By Katherine Becker
At a recent Ventura County Barristers event, I had the privilege of speaking with a few members of the Ventura County Bench. I took the opportunity to ask them two questions: First: If you could give new attorneys one piece of advice, what would it be? Second: What is the single most common mistake you see new attorneys make in your courtroom? They provided illuminating tips that all attorneys should keep in mind as they progress through their careers.
IF YOU COULD GIVE NEW ATTORNEYS ONE PIECE OF ADVICE, WHAT WOULD IT BE?
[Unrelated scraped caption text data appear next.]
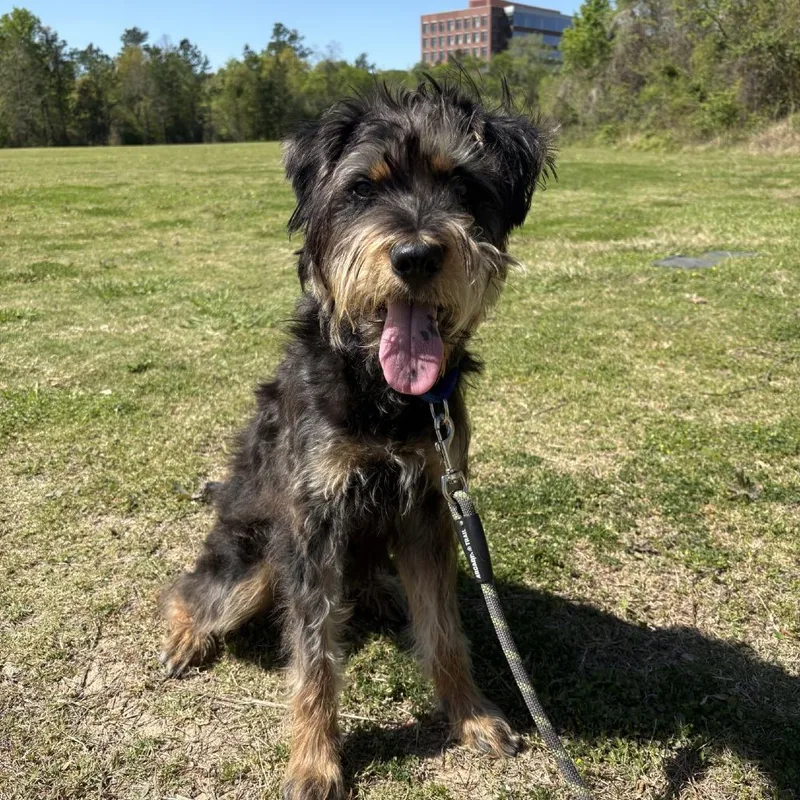 Sophia Coming Soon thumbnail 2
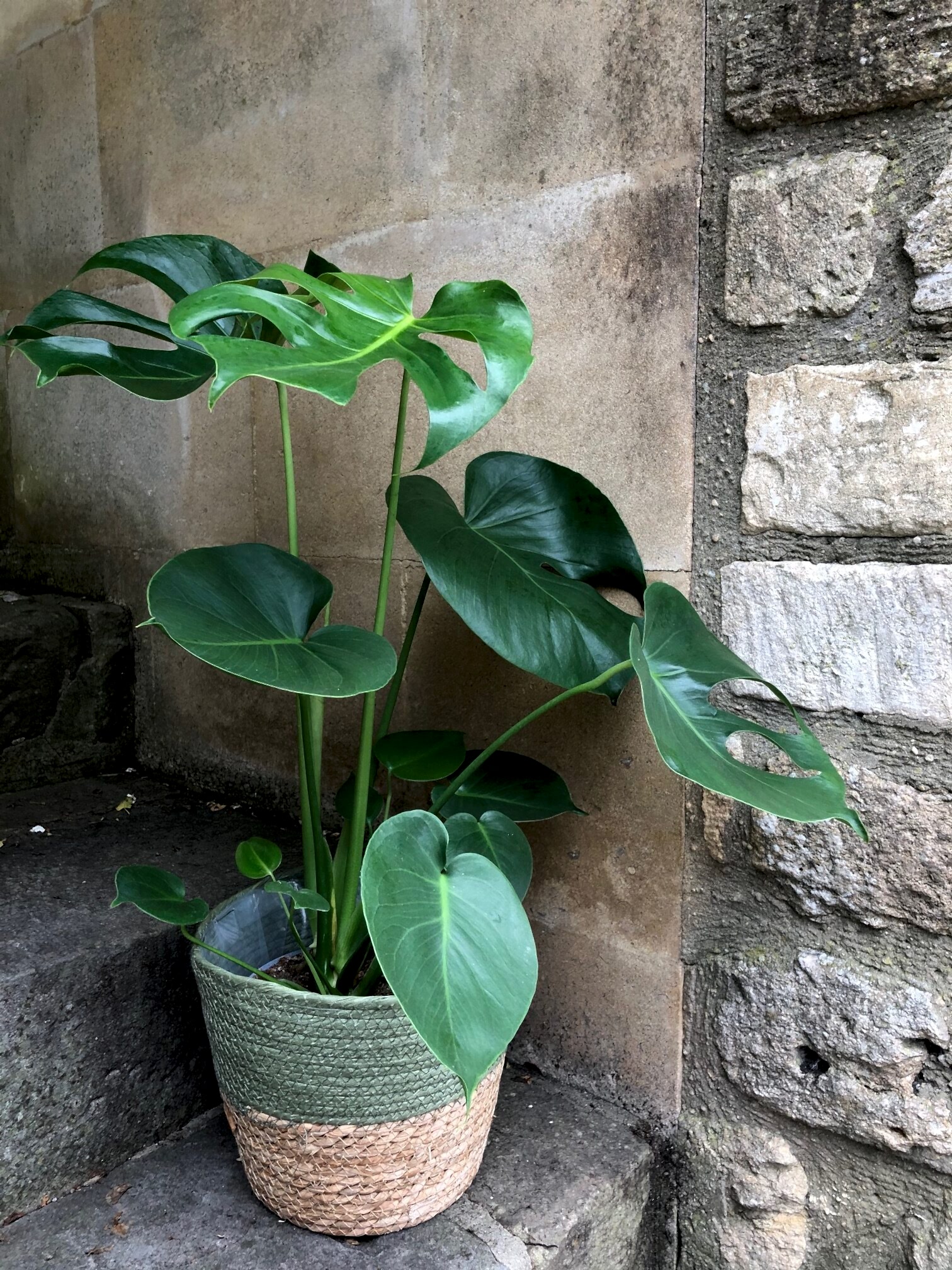 Monty ‘Monastera’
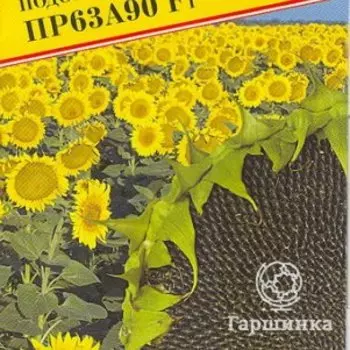 Семена Подсолнечник "ПР63А90" F1 15 шт, Престиж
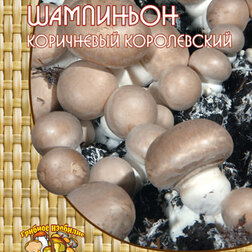 ����  ��������� ���������� (60 ��.), ������ �� 151 ���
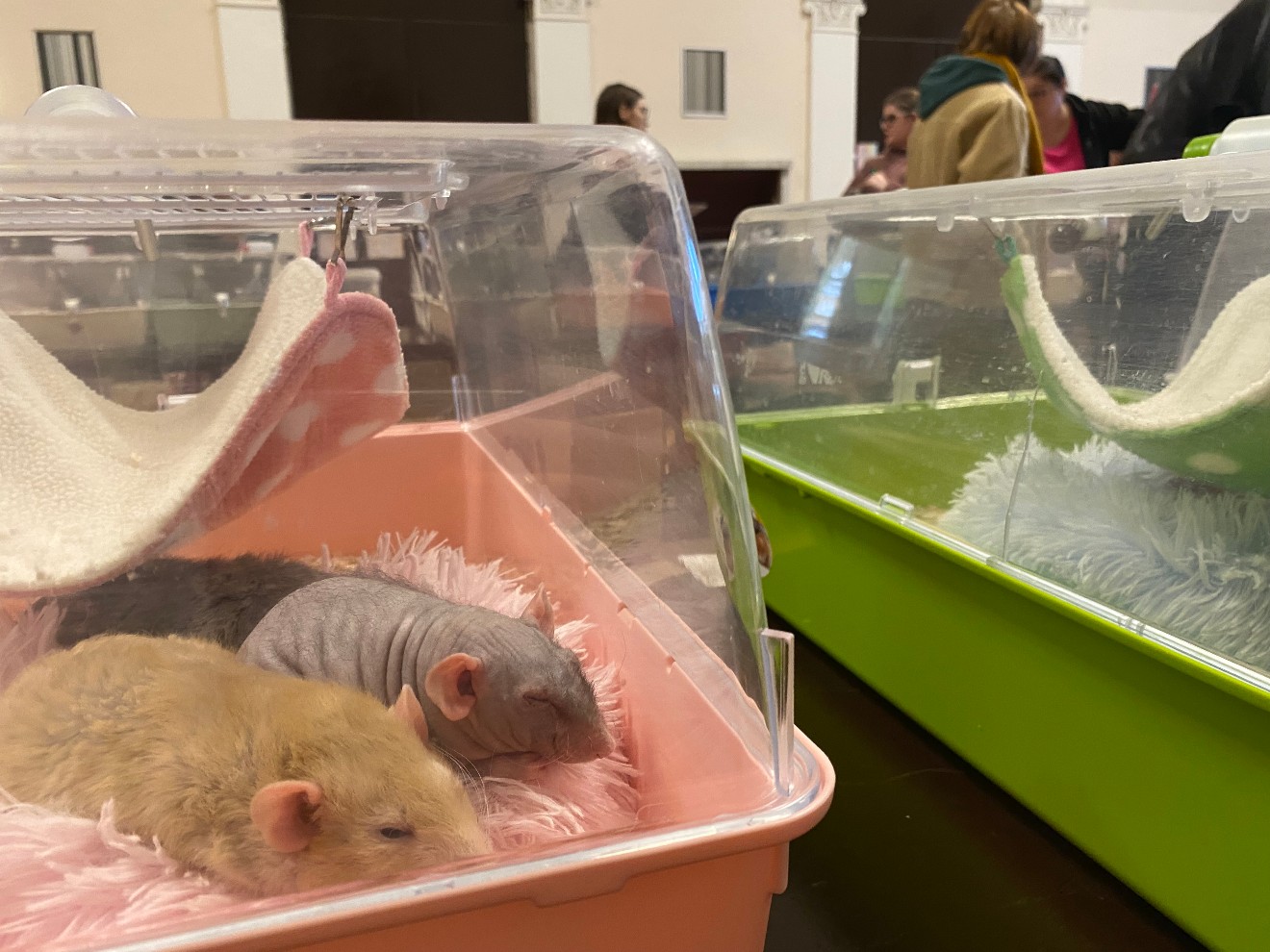 Výstava potkanů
Judge Brian Back: Prepare. That may seem obvious, but there are times when it seems like counsel has not really prepared. While judges know almost everything (joking), there are a few things we don’t know. That is why counsel should do extensive preparation in order to present a concise argument to the court, and anticipate what they will need to rebut after opposing counsel’s argument. Often the preparation requires a careful and repeated review of applicable statutes. Counsel should read the statute as if they have never read it before, then read it again, and again, and be aware of the importance of words, word placement, punctuation (commas, etc.) and etc. Throughout argument and after the judge rules, counsel should always remain civil. Conduct in court–good or bad–can have a profound impact on the current ruling and the credibility of counsel in future appearances.
Judge Vincent O’Neill: Prepare thoroughly, identify the key issue, argue succinctly and accept the ruling graciously.
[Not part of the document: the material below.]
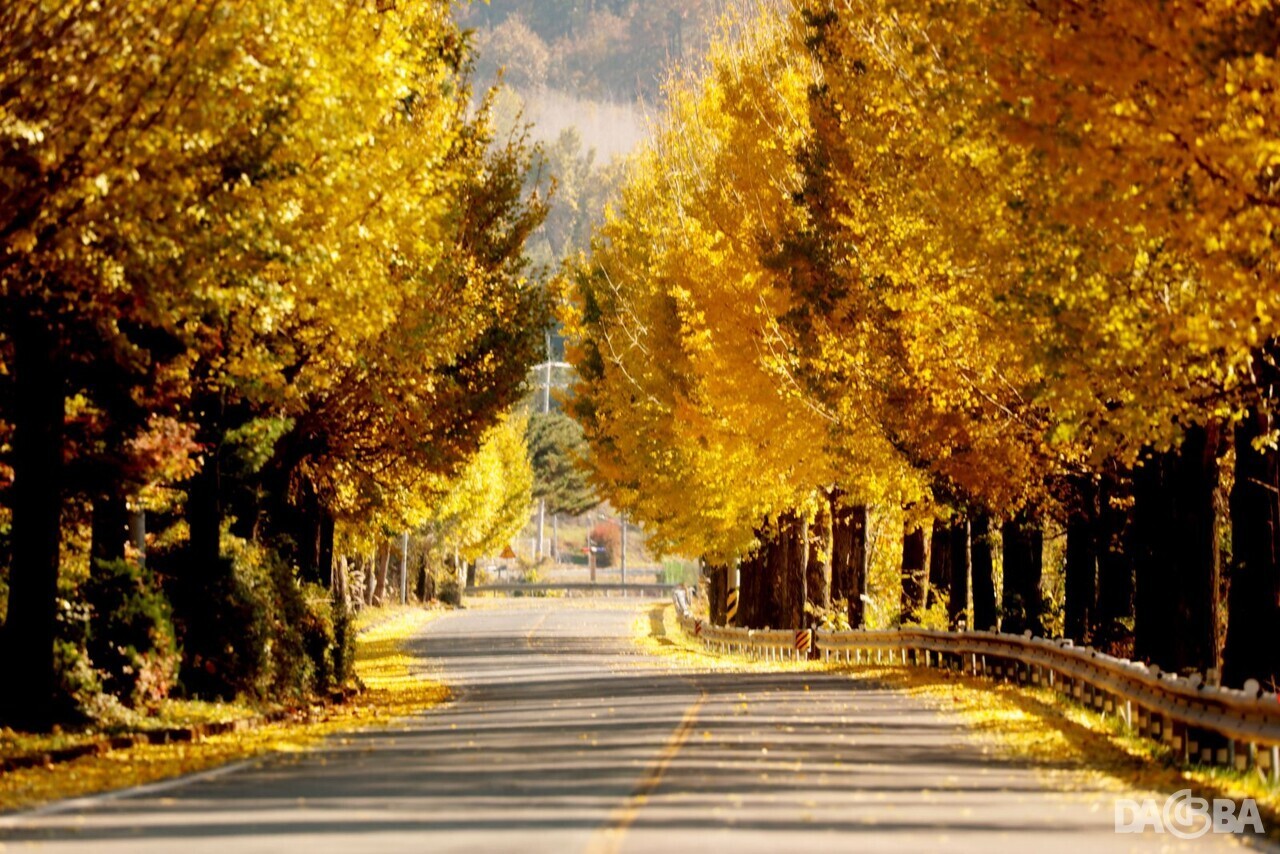 ▲의령 대의고개 은행나무 황금길.(의령군 제공)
Judge Glen Reiser: If you do not agree with the judge, please do not say “Your Honor, with all due respect.” The judge will have a working interpretation of that sentence, and it has nothing to do with respect. It is better to acknowledge the general correctness of the judge’s thought processes, and explain why the facts in the matter before the court, or the analysis in some previously unconsidered case, will allow the court to reach a different decision.
Judge Matthew Guasco: Follow your passion in lawyering. There is a strong and understandable temptation to find a job, any job, especially in this economy. Too many lawyers do that, however, only to learn a year or two later that they hate what they are doing. Identify the type of law you want to practice and go for it. Typically, we excel in the things for which we have a passion. The better you are as a lawyer, the more likely it is that you can make a sustainable living.
WHAT IS THE MOST COMMON MISTAKE NEW ATTORNEYS MAKE IN YOUR COURTROOM?
Judge Brian Back: If there is critical evidence that counsel wants to have admitted, counsel should think of more than just one way to get the evidence admitted. Counsel should open up the evidence code and any pertinent cases, and have notes regarding the two or three or four pathways to hopefully get the evidence admitted. And, of course, this comes down to preparation in advance. The mistake we see is counsel being shut down with the first attempt to have evidence admitted and then failing to pursue other avenues which would allow its admission.
Judge Vincent O’Neill: Failure to proofread documents carefully.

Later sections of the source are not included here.